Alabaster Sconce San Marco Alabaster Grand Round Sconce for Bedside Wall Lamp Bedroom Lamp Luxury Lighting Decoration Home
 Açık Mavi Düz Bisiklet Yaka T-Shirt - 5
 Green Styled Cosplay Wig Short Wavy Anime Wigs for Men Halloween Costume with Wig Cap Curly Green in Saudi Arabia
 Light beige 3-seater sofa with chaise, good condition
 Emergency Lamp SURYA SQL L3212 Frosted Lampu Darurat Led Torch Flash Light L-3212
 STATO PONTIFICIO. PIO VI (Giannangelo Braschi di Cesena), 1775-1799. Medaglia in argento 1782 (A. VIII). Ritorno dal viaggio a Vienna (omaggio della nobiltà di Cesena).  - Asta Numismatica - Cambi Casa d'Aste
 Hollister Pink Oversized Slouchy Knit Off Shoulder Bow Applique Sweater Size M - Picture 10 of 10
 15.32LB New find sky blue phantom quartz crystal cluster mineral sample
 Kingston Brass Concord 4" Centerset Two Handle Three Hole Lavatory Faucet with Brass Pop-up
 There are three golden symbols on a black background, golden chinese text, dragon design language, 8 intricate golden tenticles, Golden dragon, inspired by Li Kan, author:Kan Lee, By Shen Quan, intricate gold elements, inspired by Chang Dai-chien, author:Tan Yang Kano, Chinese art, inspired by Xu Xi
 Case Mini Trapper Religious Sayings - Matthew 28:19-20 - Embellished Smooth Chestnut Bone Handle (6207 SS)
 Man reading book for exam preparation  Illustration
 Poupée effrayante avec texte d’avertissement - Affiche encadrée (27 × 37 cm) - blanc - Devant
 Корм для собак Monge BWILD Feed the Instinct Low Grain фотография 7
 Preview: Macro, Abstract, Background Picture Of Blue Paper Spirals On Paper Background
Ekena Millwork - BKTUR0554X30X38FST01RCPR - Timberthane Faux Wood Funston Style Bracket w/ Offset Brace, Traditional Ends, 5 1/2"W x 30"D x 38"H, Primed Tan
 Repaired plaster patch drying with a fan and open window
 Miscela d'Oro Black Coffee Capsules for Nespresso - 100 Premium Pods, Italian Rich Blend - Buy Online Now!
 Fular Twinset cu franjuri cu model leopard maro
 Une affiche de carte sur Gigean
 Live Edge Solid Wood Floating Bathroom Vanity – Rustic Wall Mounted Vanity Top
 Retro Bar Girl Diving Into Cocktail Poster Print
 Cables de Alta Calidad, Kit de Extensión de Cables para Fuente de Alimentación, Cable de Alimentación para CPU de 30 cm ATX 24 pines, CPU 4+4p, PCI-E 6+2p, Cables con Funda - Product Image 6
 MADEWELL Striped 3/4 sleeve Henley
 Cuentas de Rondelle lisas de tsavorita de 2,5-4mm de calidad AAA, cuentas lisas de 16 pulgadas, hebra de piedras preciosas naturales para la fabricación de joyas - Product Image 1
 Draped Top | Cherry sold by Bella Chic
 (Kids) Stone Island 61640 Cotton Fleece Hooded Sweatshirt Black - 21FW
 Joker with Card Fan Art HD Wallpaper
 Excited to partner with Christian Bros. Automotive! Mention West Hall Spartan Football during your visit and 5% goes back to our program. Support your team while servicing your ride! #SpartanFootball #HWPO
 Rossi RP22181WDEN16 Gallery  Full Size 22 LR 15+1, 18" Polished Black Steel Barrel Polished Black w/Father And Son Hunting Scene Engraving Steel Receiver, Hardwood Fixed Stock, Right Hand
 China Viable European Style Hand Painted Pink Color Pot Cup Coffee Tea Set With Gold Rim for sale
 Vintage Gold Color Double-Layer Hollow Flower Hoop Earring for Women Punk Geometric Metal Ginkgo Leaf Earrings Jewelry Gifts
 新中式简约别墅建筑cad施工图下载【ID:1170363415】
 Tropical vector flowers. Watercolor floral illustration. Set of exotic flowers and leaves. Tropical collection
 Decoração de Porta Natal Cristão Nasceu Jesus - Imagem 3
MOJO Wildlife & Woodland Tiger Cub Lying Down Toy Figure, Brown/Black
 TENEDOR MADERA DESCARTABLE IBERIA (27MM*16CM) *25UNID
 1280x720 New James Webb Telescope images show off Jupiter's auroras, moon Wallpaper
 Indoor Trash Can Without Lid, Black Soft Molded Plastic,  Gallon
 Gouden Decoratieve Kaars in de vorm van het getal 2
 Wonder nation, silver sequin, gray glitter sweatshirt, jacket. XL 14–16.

§

Repeat, word for word, the lines from the start of the records to the line that contains "Green Styled Cosplay", both of them included, and no others.

Alabaster Sconce San Marco Alabaster Grand Round Sconce for Bedside Wall Lamp Bedroom Lamp Luxury Lighting Decoration Home
 Açık Mavi Düz Bisiklet Yaka T-Shirt - 5
 Green Styled Cosplay Wig Short Wavy Anime Wigs for Men Halloween Costume with Wig Cap Curly Green in Saudi Arabia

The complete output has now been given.